踏み跡を辿って本流に下りるとすぐに快適な幕営地になっているが、なぜかそこにマットや食料が残置されている。濡れていないので今日雨が止んでから誰かが残置したようだ。登山道の合流点から誰とも会っていないがどういうことだ?と不思議に思いながらしばらく進むと、呂滝手前で単独の釣り師のお兄さんに遭遇した。先ほどの残置物はこの人のなのだろう。話を聞いてみるとウシ沢を下降して入渓したらしい。確かに地形図を見る限りウシ沢は大した難所は無さそうだ。岩屋沢出合~コマス滝までの行程がショートカットできるし、呂滝で釣りをしたい人間に取っては合理的な選択肢な気がする。最近はウシ沢からの入渓が流行って、オツボ沢の巻き道はあまり使われなくなってしまったのかもしれない。
釣り師から明日以降しばらく天気が良いという嬉しい情報と、稜線から見た中俣沢が雪渓だらけだったという嬉しくない情報を受け取って先を進ませてもらう。
呂滝は実際は地形図よりだいぶ手前にある。軍艦級の岩魚がいるらしいが、濁っていて何も見えない。直登も出来そうだが、濁った釜を泳ぎたくないので左岸巻き。ここもうっすら踏み跡が付いていてそれを辿ると懸垂無しで滝上に降り立てる。
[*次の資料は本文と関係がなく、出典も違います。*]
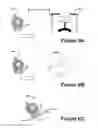 Fig. 07 - Methods and systems for selecting a velocity profile for controlling a robotic device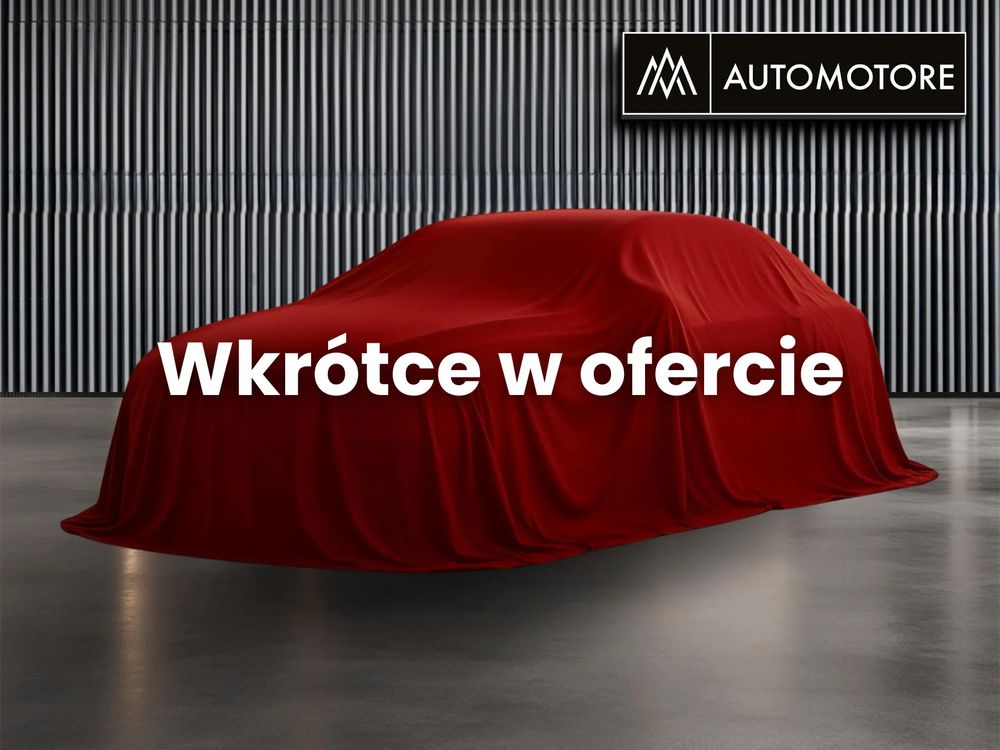 Mercedes-Benz GLE W167 300 d 4Matic 9G-TRONIC AMG Line 2024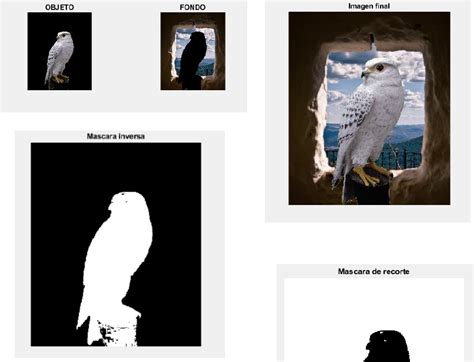 Image result for Image Processing Using MATLAB GitHub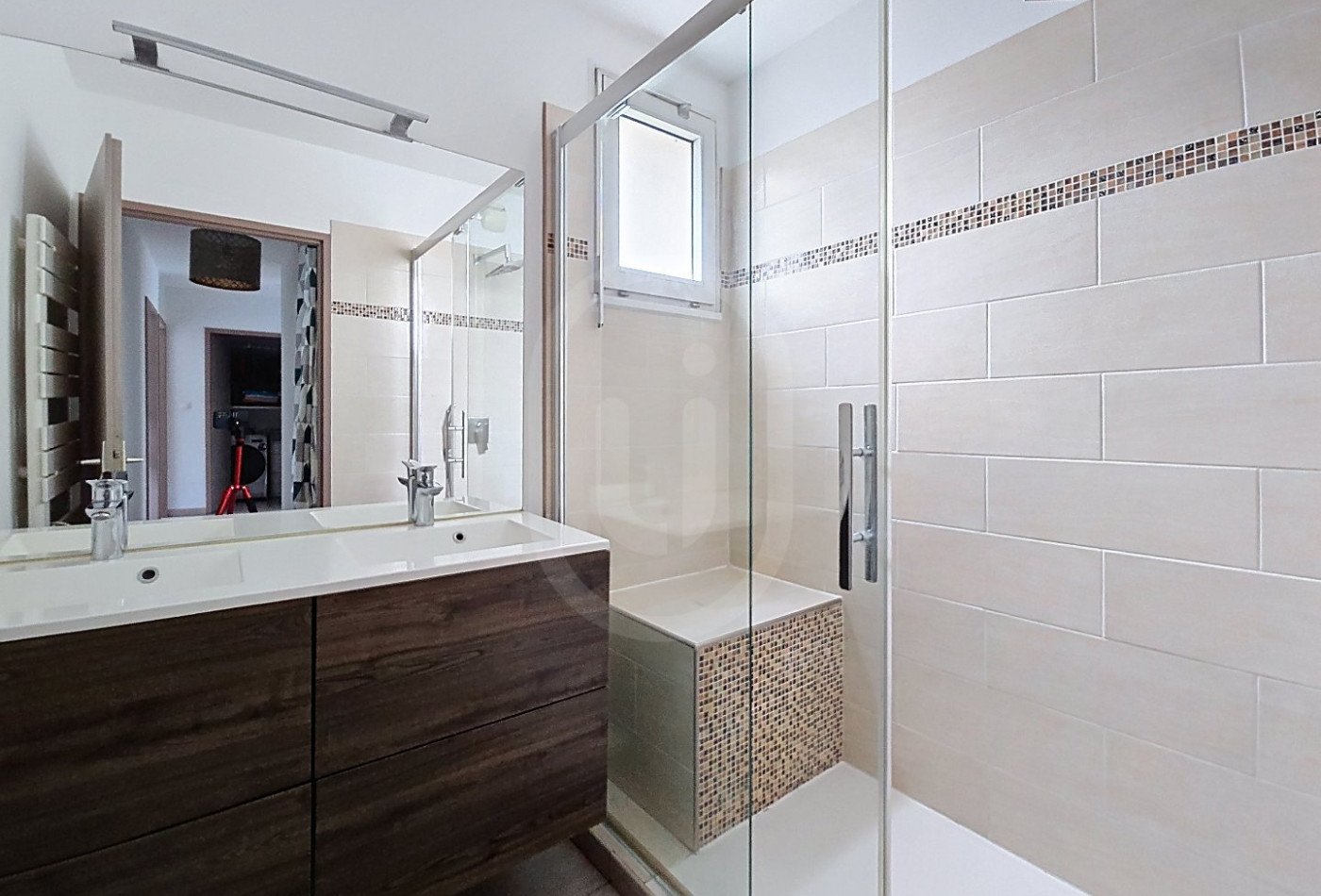 vente Appartement Montpellier - Photo 8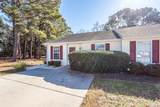 1231 Apex Lane - Photo 1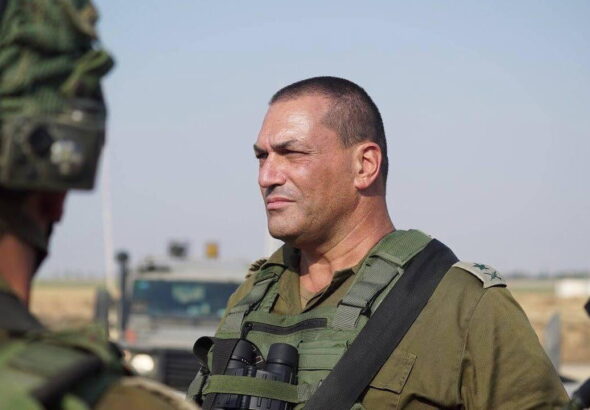 israil-genelkurmay-baskaninin-bae-ziyareti-ortaya-cikti-QMXNdvzE-1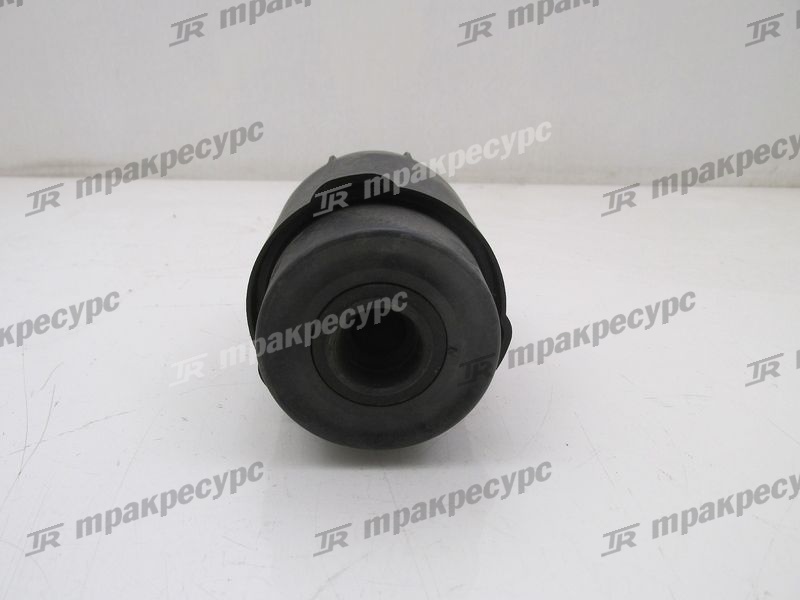 Элемент фильтра топливного JCB D404 2.2 10101930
滝の先はゴルジュ地形になっている。湯ノ沢出合の小滝も直登出来そうだったがやはり釜を泳ぎたくないので左岸を小さく高巻くと、その先は広い河原になっているので今日はここに泊まることにする。目の前にはエズラ峰の岩壁が美しく、だいぶ八久和の奥の方にやってきたことを実感した。

8/16(土) 快晴
3時半起床。期待通り空は雲一つない快晴だが、放射冷却でかなり寒い。この先の雪渓処理や、T城さんの肋骨の調子と不安材料がいくつかあるので、できるだけ行動時間を稼ぐために5時過ぎに行動を開始する。進む先にエズラ峰のモルゲンが美しい。

歩き始めると早速胸まで浸かる瀞が現れる。まだ沢床には日が差していないのでとんでもなく寒い。水に浸かっている最中はもちろんゴリゴリ体力が削り取られていくうえに、空気が冷え込んでいるせいで歩いていても一向に身体が温まらない。歯をガタガタと震わせながら1時間ほどで西俣沢出合へ。
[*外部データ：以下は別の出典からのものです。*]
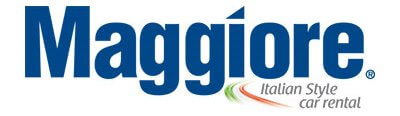 Maggiore Rome Aeropuerto Fiumicino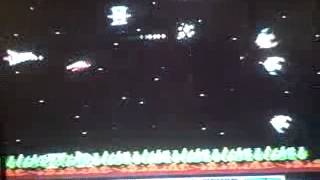Gradius - OH MY GOD! I DID IT!!! (2/-) @NapalmSucksAtGaming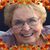Jewel Spivack's profile image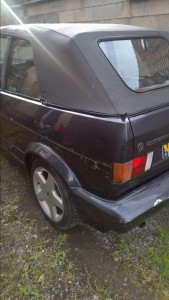 WP_20150622_002.jpg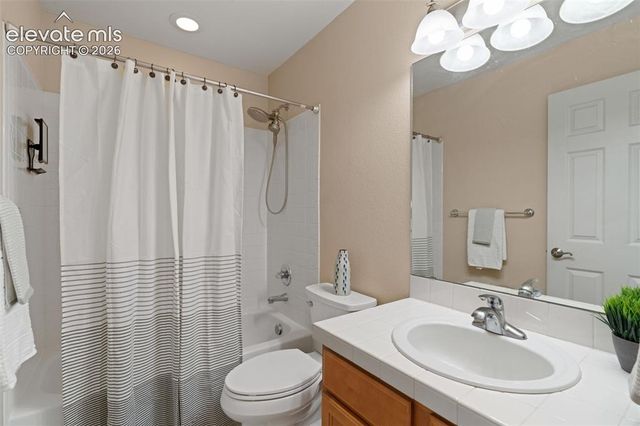 8740 Royal Melbourne Circle, Peyton, CO 80831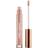 Nude by Nature Beach Glow Liquid Highlighter #03 Sunrise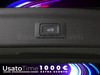 Audi Q3 40 2.0 tfsi s line edition quattro s tronic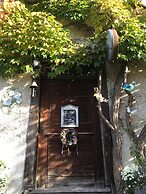 Maison des 5 Temps - Chambres Dhôtes de Charme à Ferrette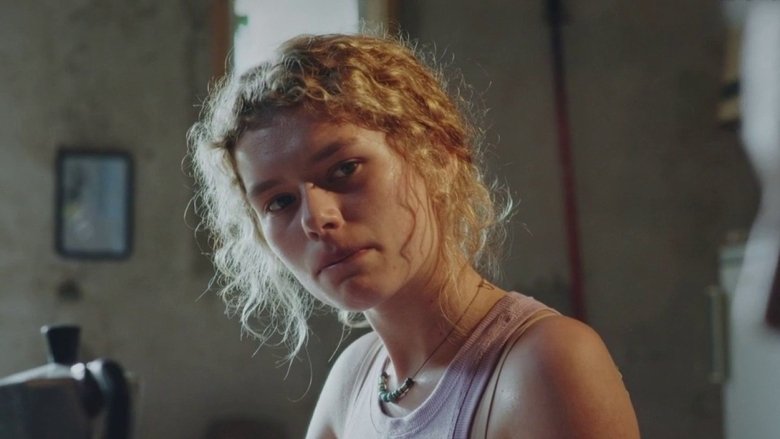 Plus belle la vie Saison 18 Épisode 226 Voirfilms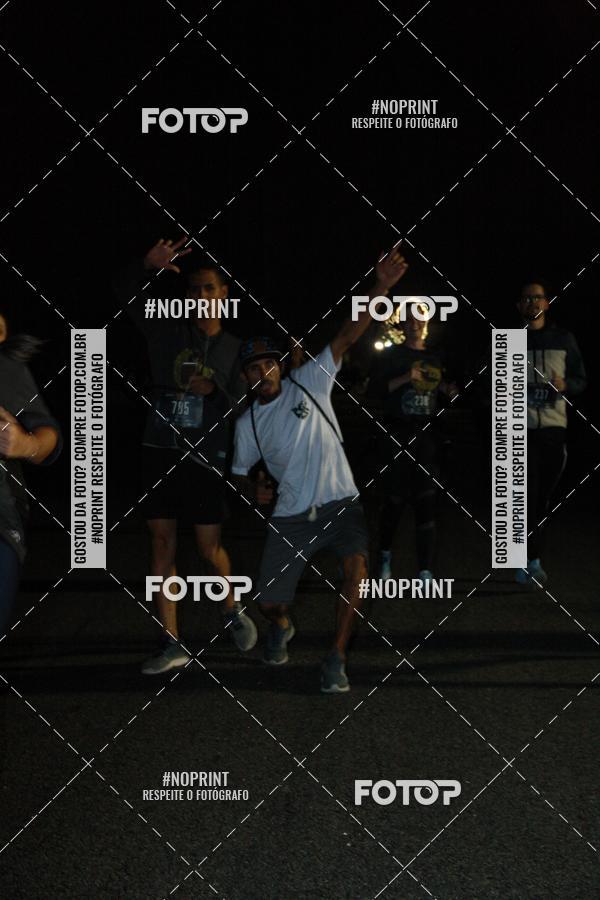 Buy your photos of the eventUp Night Run - So Paulo - 2019 on Fotop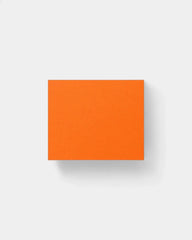 Memo pad Mishmash ecosostenibile da personalizzare - 4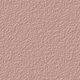 Select the color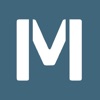 Visualmed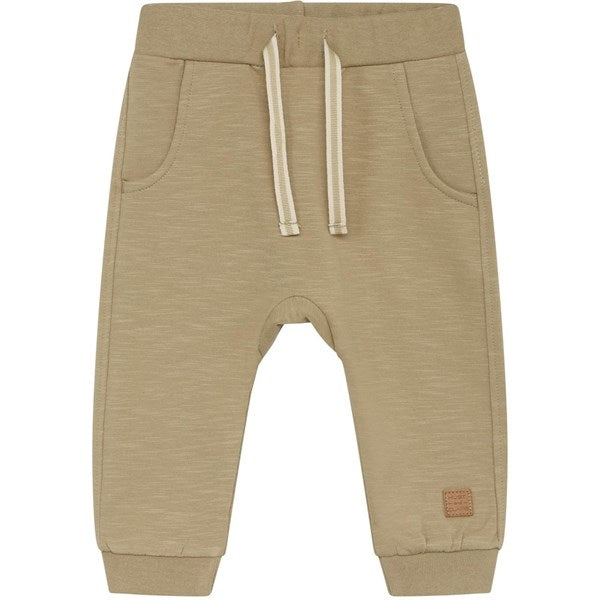 Hust & Claire Pepper Georgey Sweatpants
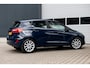 Ford Fiesta 1.0 EcoBoost Titanium|1e EIGENAAR|CLIMATE|KEYLESS|CARPLAY|B&O|CRUISE|NAVI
西俣沢出合から先は地形図上ではゴルジュ地形が続いていて、この辺りに雪渓が詰まっているんじゃないかと想像していだが、拍子抜けすることに雪渓は欠片も見当たらない。ゴルジュ自体も大したものではなく、西俣沢出合から10分程度で東俣沢出合。ついに中俣沢遡行が始まる。

出合すぐの小滝をシャワーを浴びながら越えると、ようやく日が差すポイントが。太陽光の偉大さを感じながら、気力を回復するためにゆっくり休憩を取る。ここは快適ではなさそうだが3~4人ビバークできそうなスペースになっていた。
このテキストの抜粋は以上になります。